Pour parler un peu plus de la réalisation en elle-même, on se rend compte qu'elle flirte sans arrêt avec la parodie et le ridicule involontaire, ce phénomène est peu visible dans la première partie du film, qui reste sobre, mais s'accentue malheureusement de scène en scène, jusqu'à atteindre un point où chaque renversement de situation va apporter un nouveau complot inattendu, qui manque à chaque fois de faire basculer l'intrigue dans l'absurde le plus total, à mesure que le cinéaste s'aventure dans le territoire du film noir, genre auquel il tente de s’identifier de manière quelque peu maladroite avec cette histoire de femme fatale typique, même si la mise en œuvre est décevante, c'est une tentative risquée qui mérite au moins d'être saluée.

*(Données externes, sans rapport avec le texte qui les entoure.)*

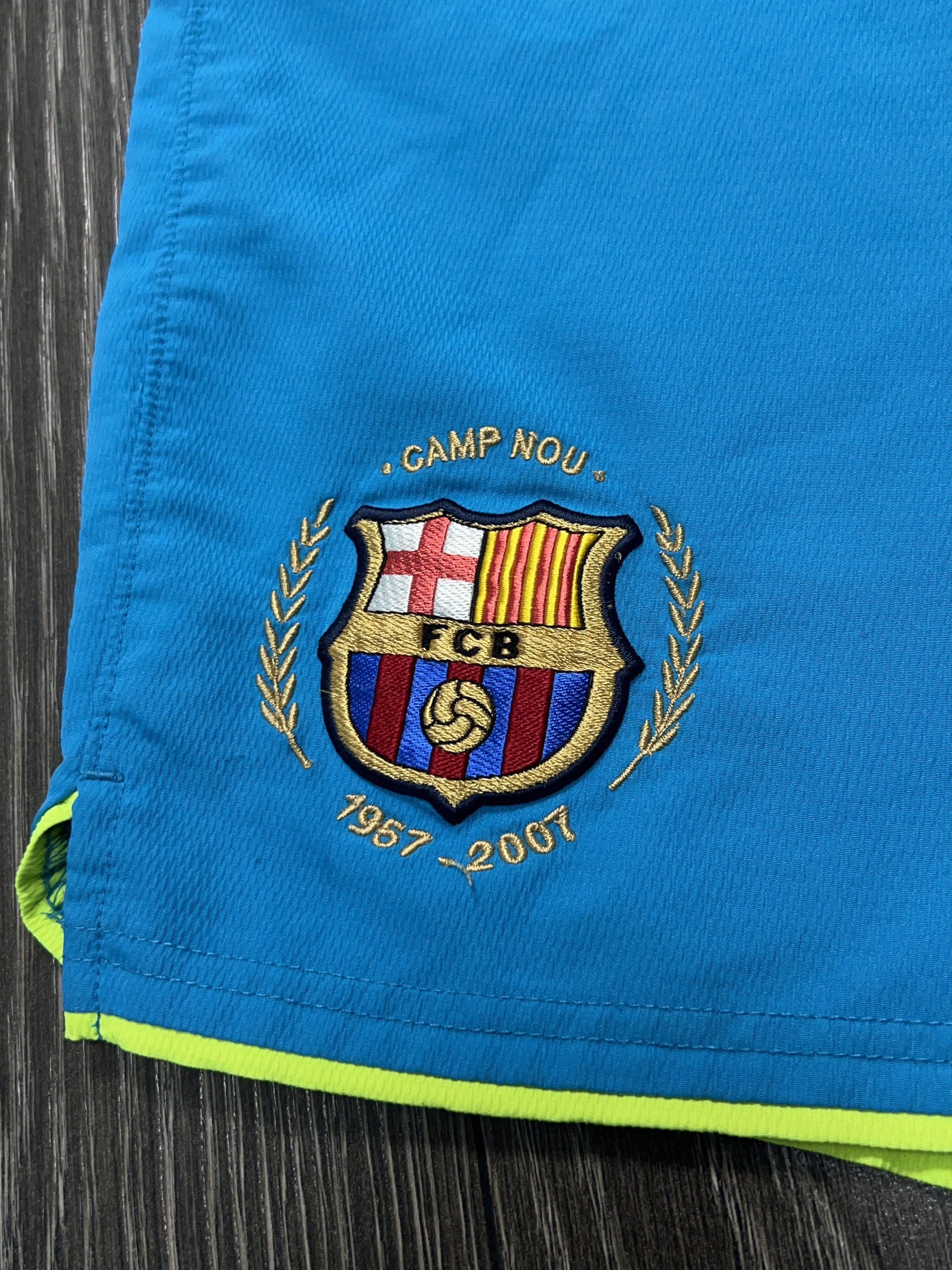 Nike Barcelona FC 2007 2008 Away Football Soccer Shorts Size L Size US 36 / EU 52 - 3 Thumbnail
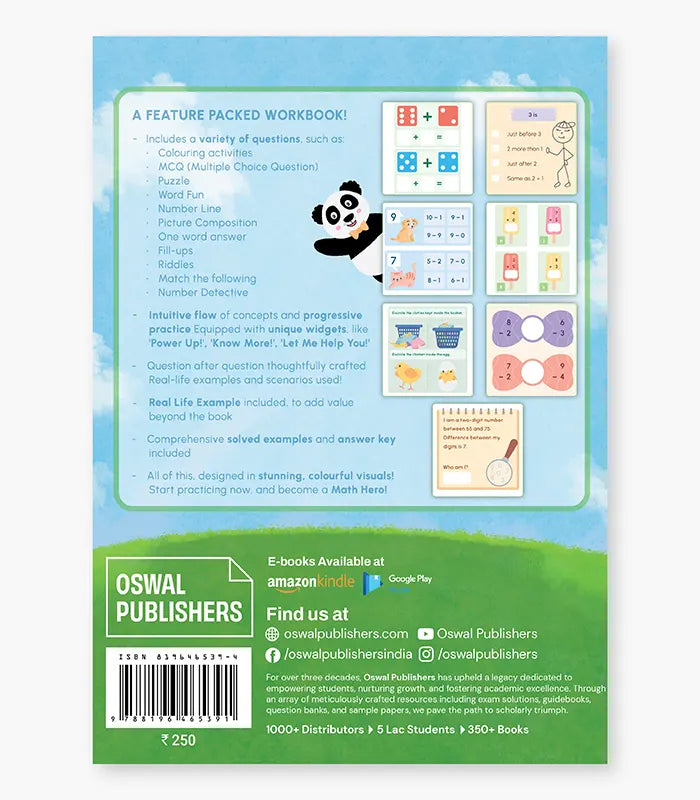 Key2practice Class 1 Maths Hero Bundle (Set of 3 Workbooks) By Oswal Publishers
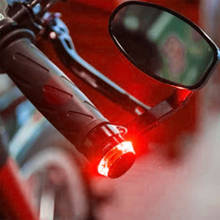 Vehemo светодиодный сигнальная лампа мотоцикла поворотники сигнальная лампа прочный указатель поворота лампочка ручка бар 2024 - купить недорого
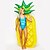 cheap Swim Training Equipment-Pineapple Inflatable Pool Floats PVC Durable Swimming Water Sports for Adults 180*90*20 cm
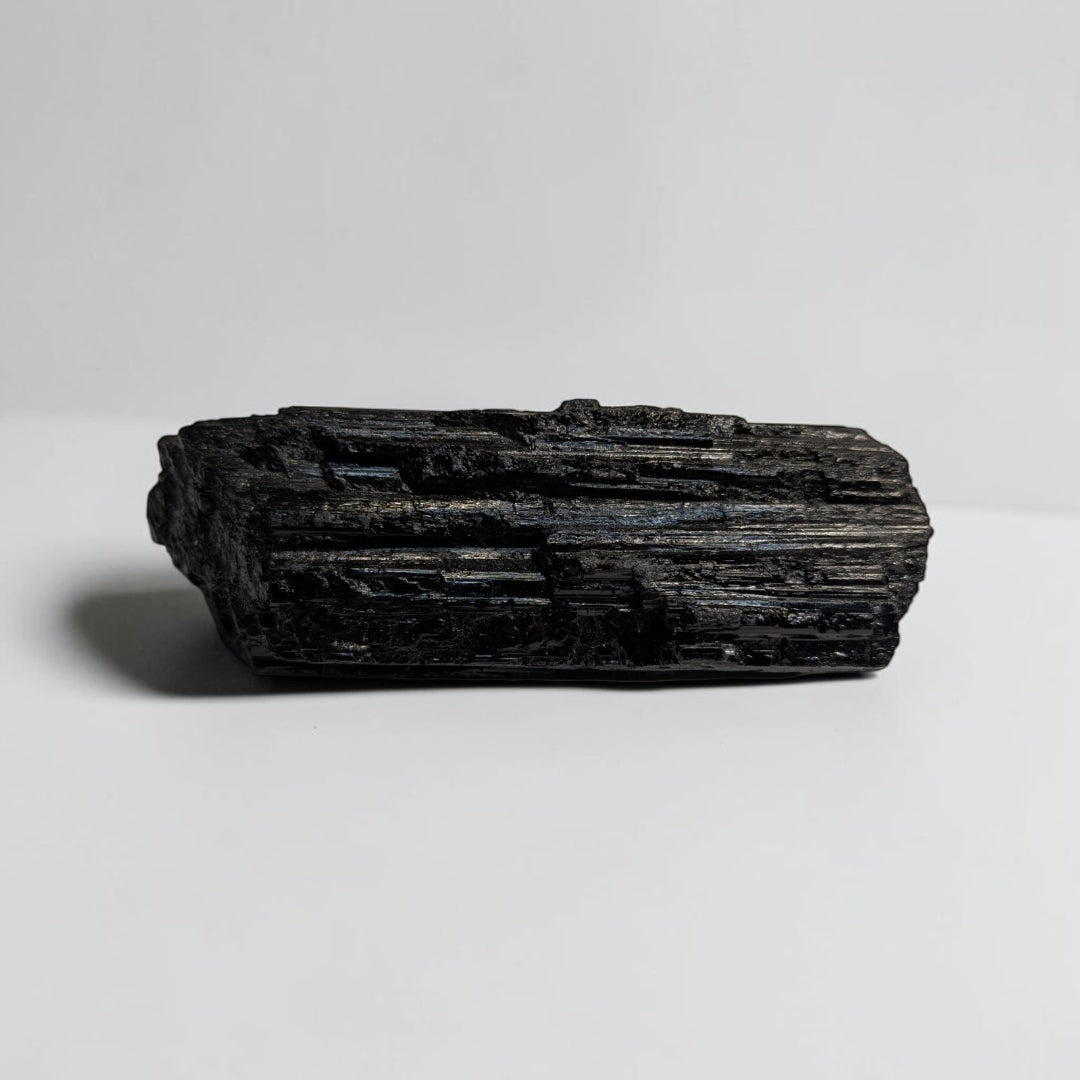 Black Tourmaline Raw Crystal Chunk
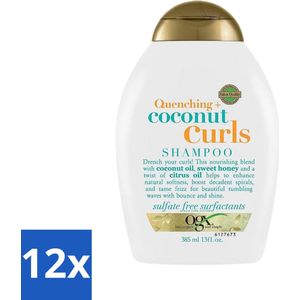 OGX - Coconut Curls - Shampoo - Krulverzorging - Hydraterend - 385 ml - Voordeelverpakking - 12 stuks
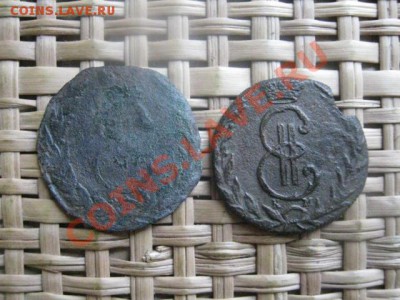 Сибирская деньга, 2 шт. 1768 и 1769г. С рубля! До 11.09.13г. - 11 сент 006.JPG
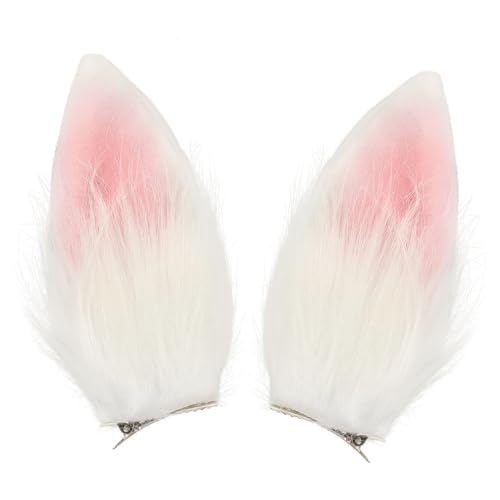 PartyKindom Flauschige Hasenohren Haarspange Plüsch Kaninchen Ohr Cosplay Party Kostüm Zubehör für Karneval Halloween Karneval Cosplay Festlicher Kopfschmuck von PartyKindom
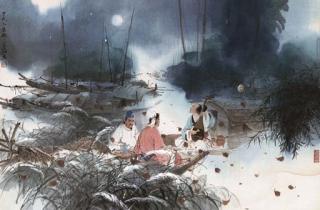 Xing Baozhuang - Playing Music under Moonlight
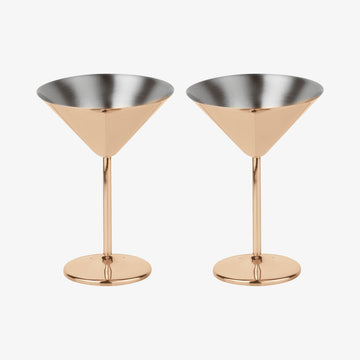Set 2 Martini/Cockt., Edelstahl/PVD Kupfer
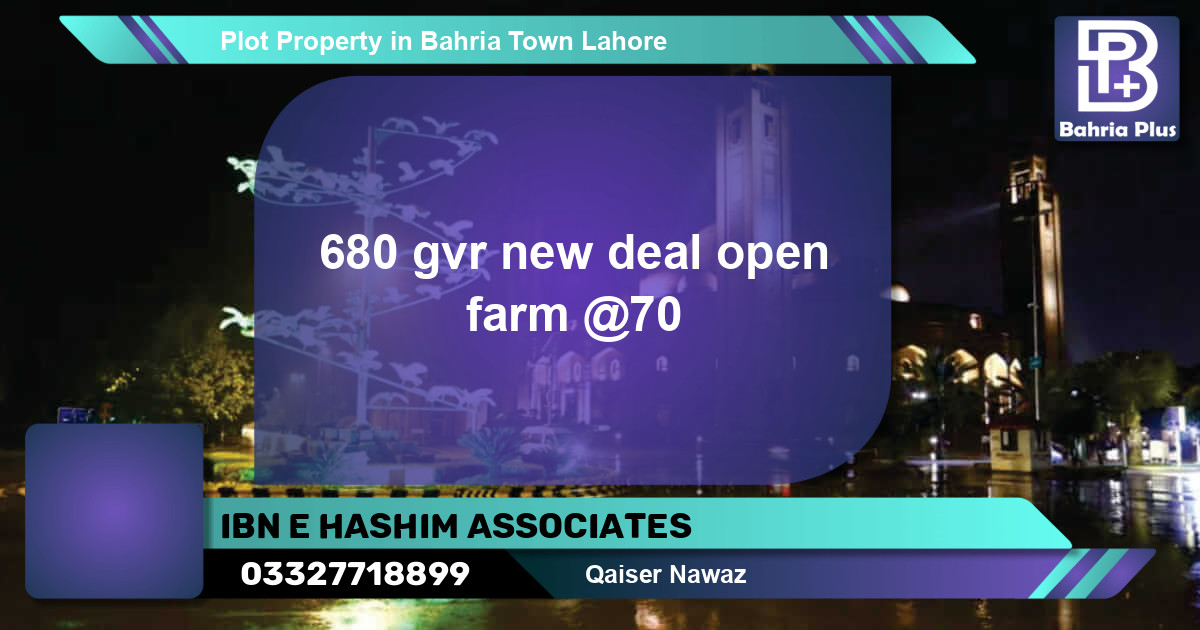 Residential Plot for Sale in Bahria Town, Lahore - (BP-76806)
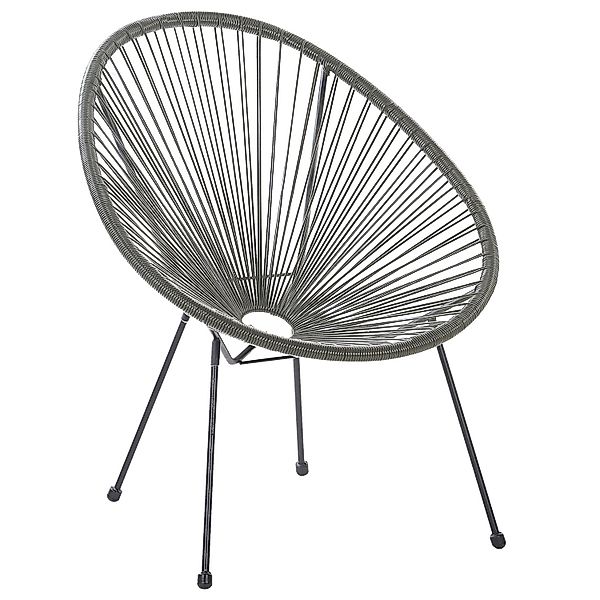 Beliani Cocktailsessel Grau Schwarz 90x70x87 günstig online kaufen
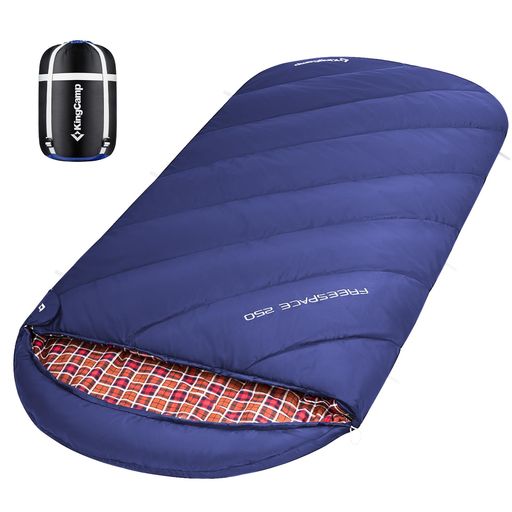 KINGCAMP 寝袋 シュラフ フランネル生地 冬用 オールシーズン 封筒型 大きいサイズ 幅100CM 2.1KG コンパクト防水 洗える SLEEPING BAG 災害 防災 アウトドア 登山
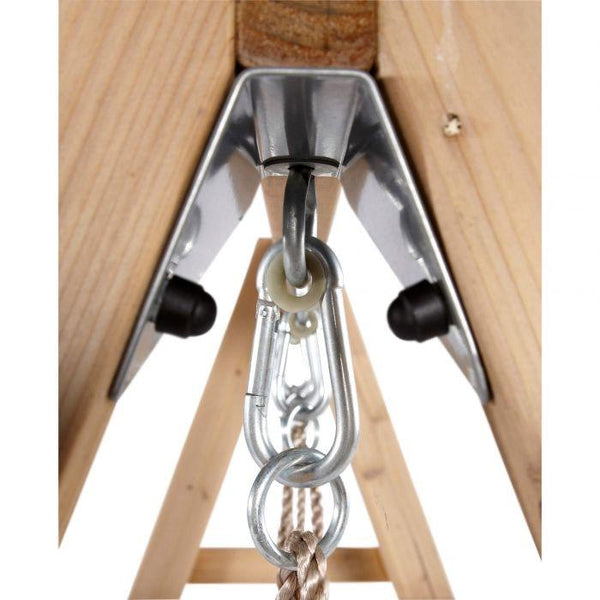 Plum Tamarin Wooden Swing Set Swing and Play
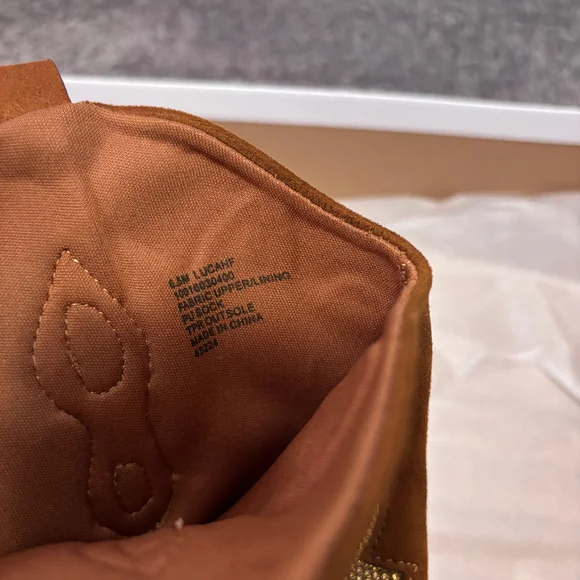 Wild Pair Women's Size 6.5 Brown Suede Cowboy Boots w/ Gold Crystals NIB - Picture 12 of 13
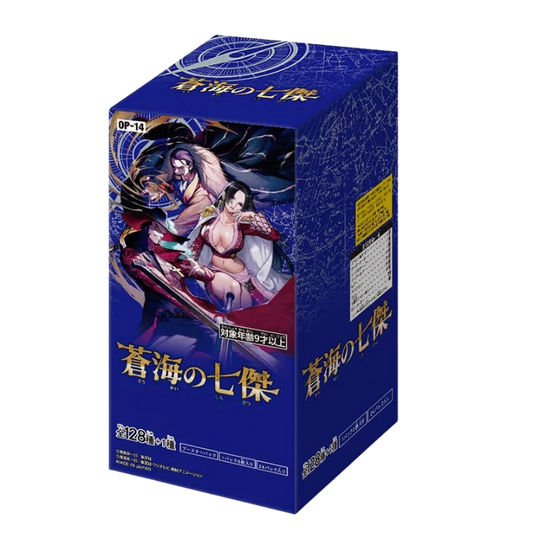 One Piece The Azure Sea’s Seven OP-14 Japanese Booster Box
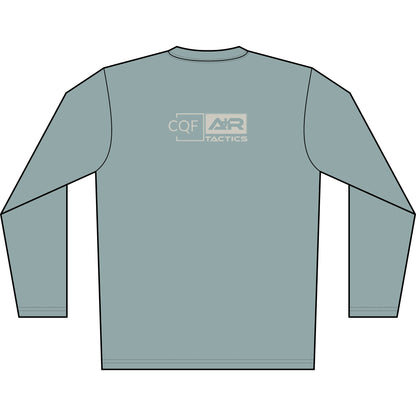 CQF x A+R Tactics Logo Solar Shirt, Stone Logo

En résumé, Jalil Lespert s'est livré à un exercice de style quelque peu vain après le succès de son biopic d'Yves Saint-Laurent en 2014, un film qui tente de reprendre les grands motifs du film noir au travers d'une intrigue modérément maîtrisée. Il s'agit tout de même d'un petit film divertissant, disposant d'une belle direction artistique et d'une mise en scène élégante, mais où l’on se surprend trop souvent à se poser la question de l'intérêt et de l'utilité de l'ensemble du projet. D'autant que le film oscille dangereusement entre le très bon et le très mauvais, sauvé notamment par de bonnes performances de la part de ses acteurs principaux (Romain Duris, Charlotte Le Bon et Jalil Lespert lui-même), mais plombé par une intrigue aux enjeux bancals et qui ne parvient pas à maintenir l'intérêt du spectateur tout au long de ses 99 minutes. En somme, un thriller prometteur au premier abord, mais qui se finit malheureusement en eau de boudin en laissant une impression désagréable de déception et un goût amer dans la bouche. Dommage, car il y avait clairement du potentiel.